* _How to complete this task_
Your output is to consist only of the line containing "this 350×196 image." and the lines after it, through the end of the data, reproduced exactly.

::: Material for this task :::

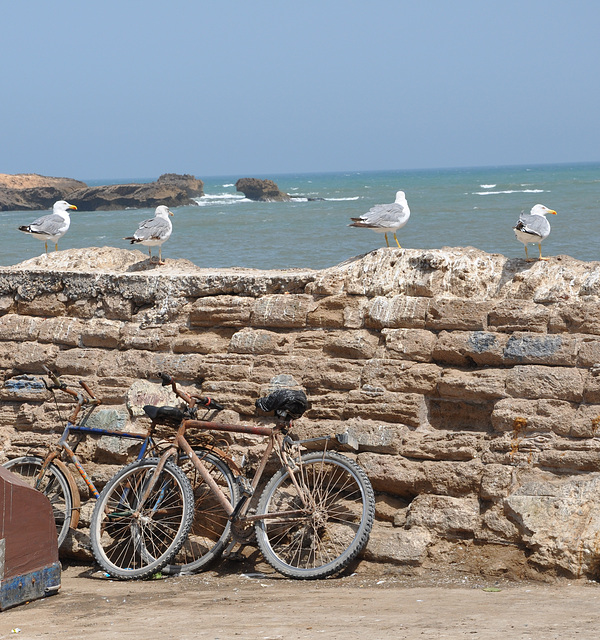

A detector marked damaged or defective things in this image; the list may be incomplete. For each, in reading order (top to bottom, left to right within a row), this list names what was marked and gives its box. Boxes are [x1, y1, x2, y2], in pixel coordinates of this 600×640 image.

rusty bicycle [90, 376, 376, 580]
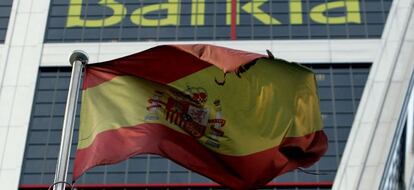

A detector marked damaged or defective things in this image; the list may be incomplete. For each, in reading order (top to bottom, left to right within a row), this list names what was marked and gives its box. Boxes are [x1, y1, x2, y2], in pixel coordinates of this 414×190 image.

tattered spanish flag [73, 44, 326, 189]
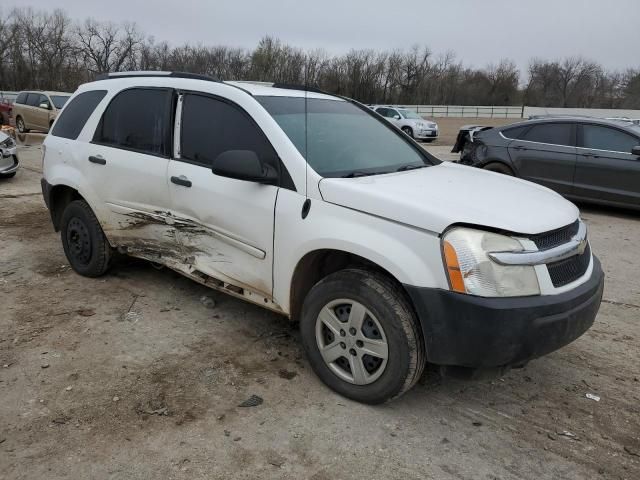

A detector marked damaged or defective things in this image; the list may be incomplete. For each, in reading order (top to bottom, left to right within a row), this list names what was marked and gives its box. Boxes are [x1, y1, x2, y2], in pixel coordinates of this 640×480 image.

damaged car in background [450, 117, 640, 209]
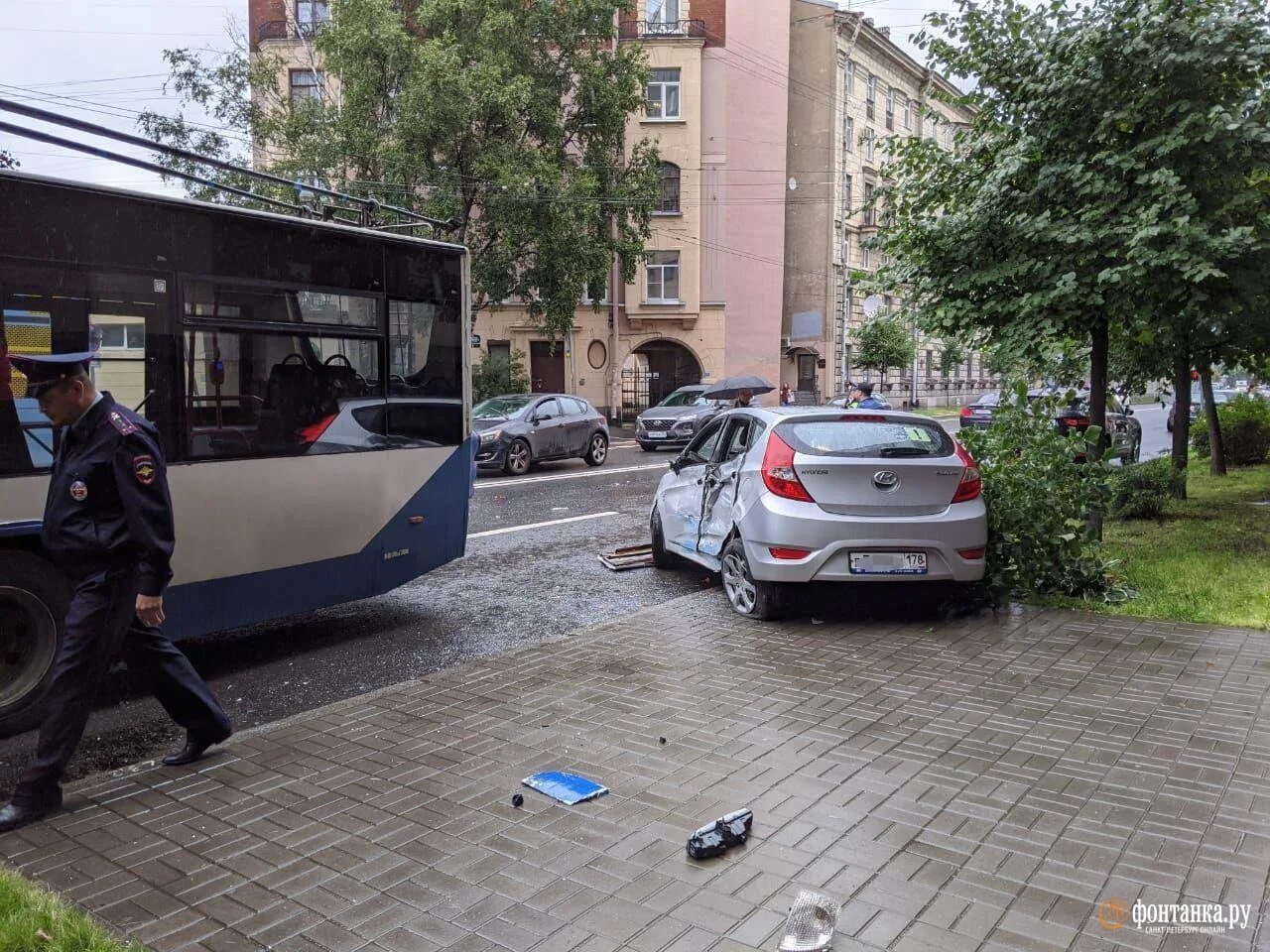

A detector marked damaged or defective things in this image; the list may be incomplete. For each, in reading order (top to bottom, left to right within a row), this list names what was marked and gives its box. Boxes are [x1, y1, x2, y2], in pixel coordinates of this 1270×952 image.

damaged silver hatchback [645, 409, 990, 619]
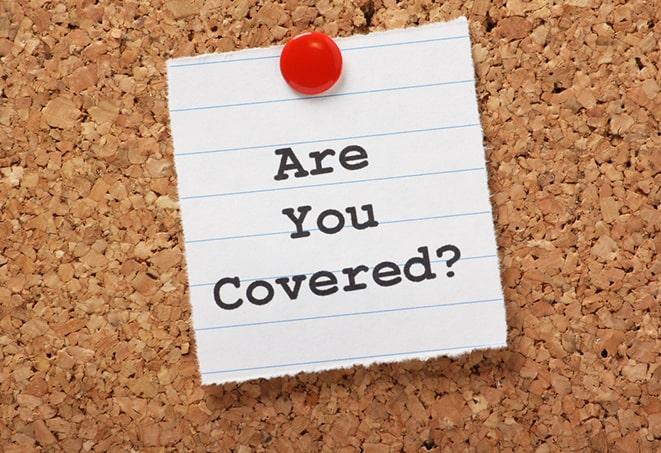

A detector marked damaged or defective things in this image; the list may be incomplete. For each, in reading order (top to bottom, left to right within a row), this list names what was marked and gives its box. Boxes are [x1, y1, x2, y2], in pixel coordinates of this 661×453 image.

torn paper note [165, 17, 506, 384]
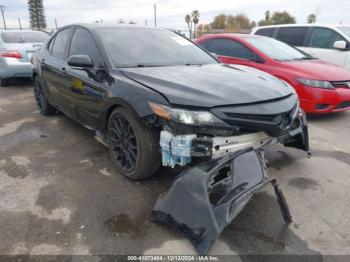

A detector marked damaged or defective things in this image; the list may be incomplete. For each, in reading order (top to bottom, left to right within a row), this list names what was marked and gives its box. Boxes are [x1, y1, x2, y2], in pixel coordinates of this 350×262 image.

damaged black toyota camry [32, 24, 310, 254]
broken headlight housing [148, 101, 228, 127]
crumpled fender [152, 148, 270, 255]
detached bumper cover [152, 148, 270, 255]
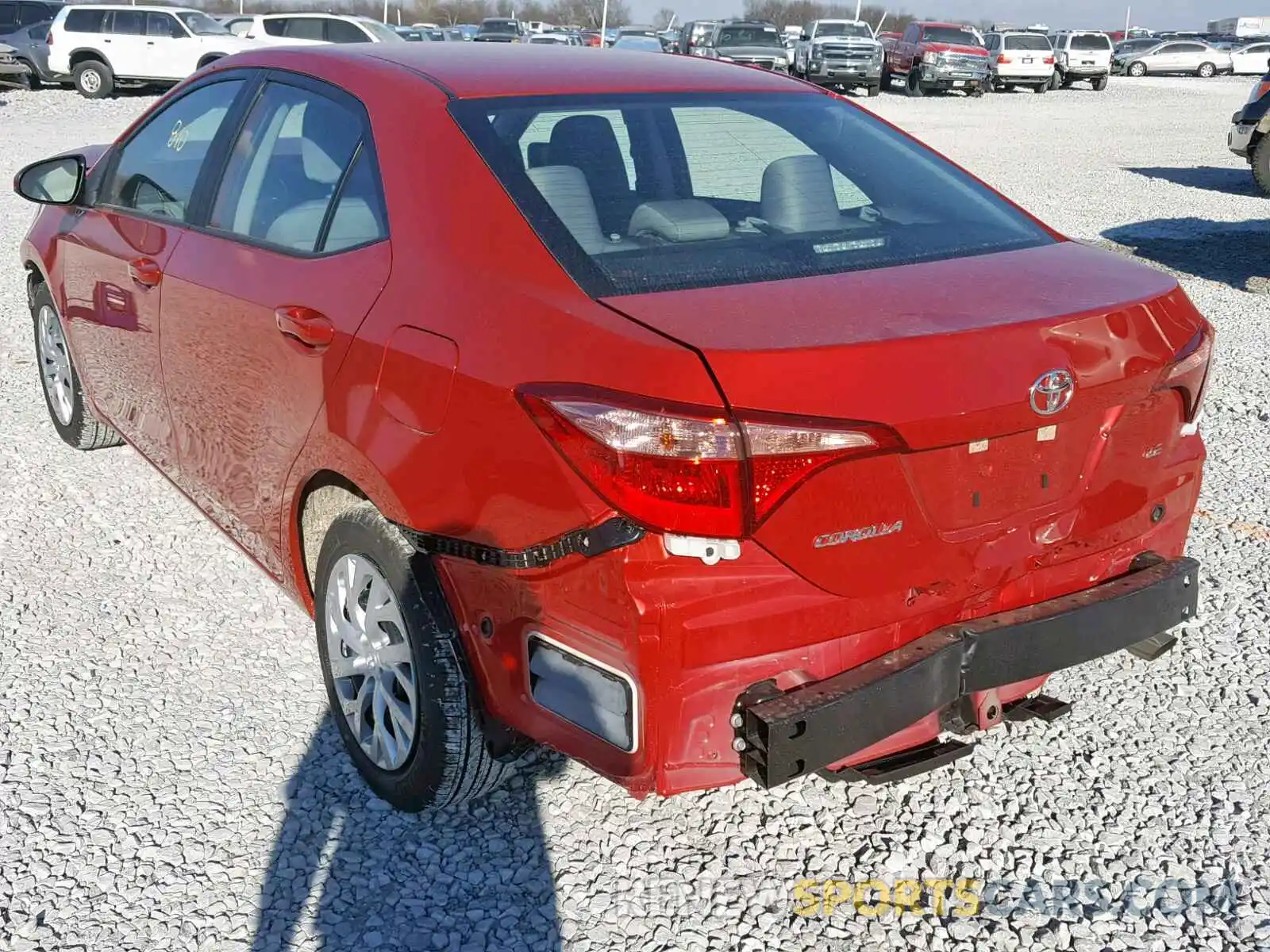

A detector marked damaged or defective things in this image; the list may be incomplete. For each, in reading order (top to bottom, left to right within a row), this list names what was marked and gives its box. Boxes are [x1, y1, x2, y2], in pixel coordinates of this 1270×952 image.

damaged rear bumper [737, 555, 1199, 787]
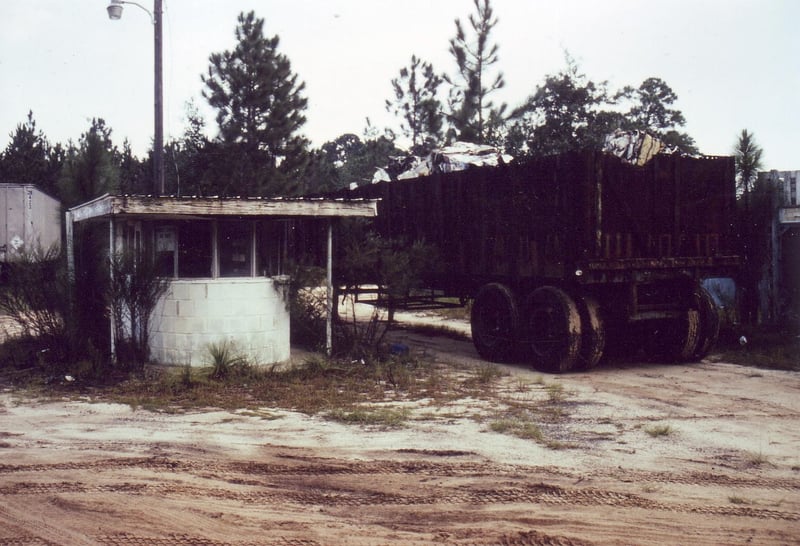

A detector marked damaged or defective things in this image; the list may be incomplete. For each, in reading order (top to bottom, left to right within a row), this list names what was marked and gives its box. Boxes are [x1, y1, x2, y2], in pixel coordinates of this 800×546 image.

rusted metal siding [344, 149, 736, 296]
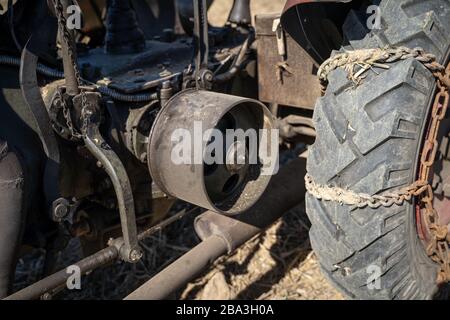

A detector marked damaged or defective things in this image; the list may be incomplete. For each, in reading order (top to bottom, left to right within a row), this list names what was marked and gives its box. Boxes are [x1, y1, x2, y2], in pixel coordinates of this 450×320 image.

rusted metal surface [255, 13, 322, 110]
rusty metal pipe [124, 158, 306, 300]
rusted metal surface [125, 158, 308, 300]
rusty chain link [308, 47, 450, 282]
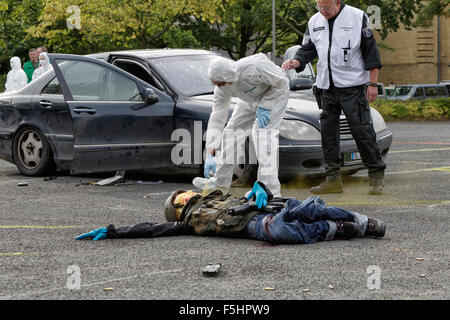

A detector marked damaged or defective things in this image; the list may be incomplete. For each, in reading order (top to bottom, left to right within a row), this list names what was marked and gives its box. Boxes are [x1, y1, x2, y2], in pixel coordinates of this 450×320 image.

damaged dark sedan [0, 50, 392, 185]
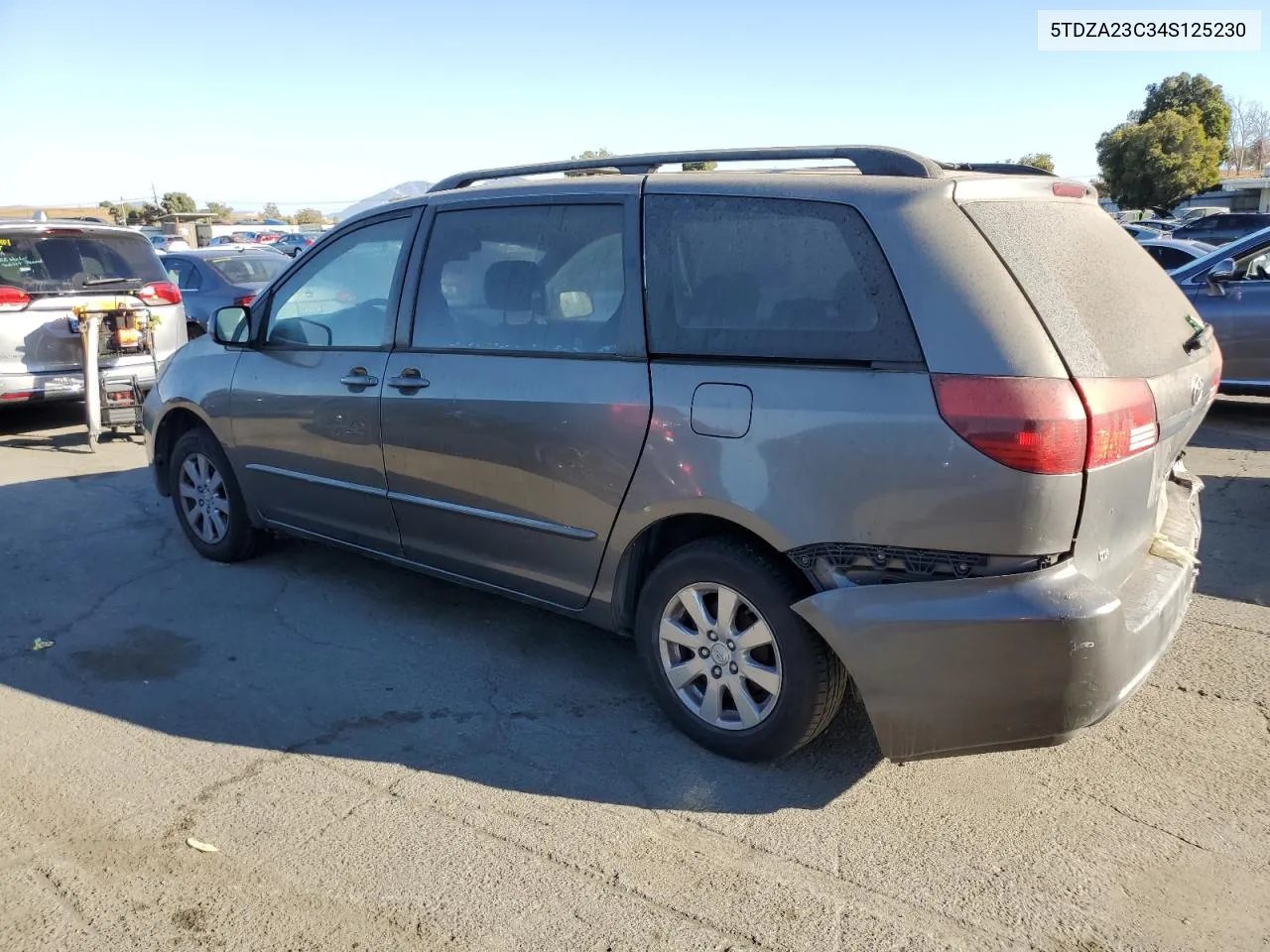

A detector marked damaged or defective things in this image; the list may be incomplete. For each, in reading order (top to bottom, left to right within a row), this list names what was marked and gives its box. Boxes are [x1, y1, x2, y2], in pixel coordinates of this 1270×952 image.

cracked asphalt [0, 399, 1262, 948]
damaged rear bumper [794, 472, 1199, 762]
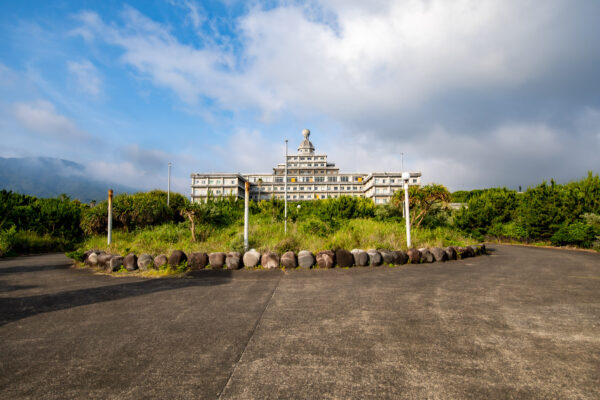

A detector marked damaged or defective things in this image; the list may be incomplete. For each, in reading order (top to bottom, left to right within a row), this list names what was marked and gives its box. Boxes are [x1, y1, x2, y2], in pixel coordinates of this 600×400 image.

pavement crack [217, 274, 282, 398]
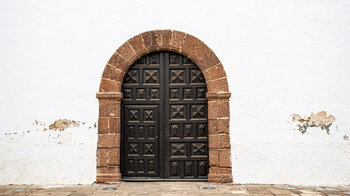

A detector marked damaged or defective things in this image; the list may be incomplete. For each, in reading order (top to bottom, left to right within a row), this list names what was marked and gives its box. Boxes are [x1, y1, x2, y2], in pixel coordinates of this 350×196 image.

peeling paint on wall [292, 111, 334, 134]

:::

* _Response to the exercise_
A detector marked damaged or defective things in this image; the list may be incomplete. For each, in reading order (top to bottom, left to right within a row), this list names what was marked and gives its box. Boxes are [x1, y1, x2, y2], in pixel coordinates of this 350×196 image.

peeling paint on wall [292, 111, 334, 134]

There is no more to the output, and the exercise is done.